The temperature in shallow depths down to around 20 m strongly depends on the surface temperatures (see figure 1). In urban areas they are generally higher than in rural areas due to human activities. Surface sealing, little vegetation and waste heat cause this widely known urban heat island (UHI) effect, which causes also increasing underground temperatures. Underground installations such as sewage systems, district heating pipes, basements, tunnels and geothermal energy systems are additional heat sources (see figure 2), that amplify this underground UHI effect. A quantification of these heat fluxes into the underground is unfortunately rather complex and until now afflicted with many uncertainties. But it is possible to measure the resulting groundwater temperatures, which are higher in urban areas compared to the sourrounding rural areas. Mean annual groundwater temperatures of above more than 20 °C are not uncommon anymore in European cities.

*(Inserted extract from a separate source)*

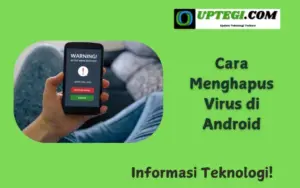 Cara Menghapus Virus di Android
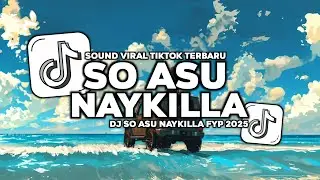 DJ SO ASU NAYKILLA PELUKAN YANG HANGAT MENJADI BAYANGAN SO ASU FULL SONG VIRAL TIKTOK TERBARU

Figure 2: Heat source below urban areas due to human activities that lead to an increase of underground temperatures (underground urban heat island effect). Source: Menberg et al, 2013, Subsurface urban heat islands in German cities, Science of The Total Environment 442, 123-133.

Groundwater heat exchangers are a mixed blessing in areas with already strongly increased groundwater temperatures. If used predominatley for cooling they further heat up the groundwater. However, if cooling dominates, the system withdraws heat from the groundwater and therefore helps to reduce the underground UHI. A dense monitoring network for groundwater temperatures in cities is important to detect underground UHIs and to take counteractive measures in advance.

The underground UHI is an integral part of MUSE. By elaborating groundwater temperature maps based on field measurements, we identify areas with elevated groundwater temperatures. Furthermore, we suggest management strategies for a sustainable and efficient use of shallow geothermal energy in urban areas.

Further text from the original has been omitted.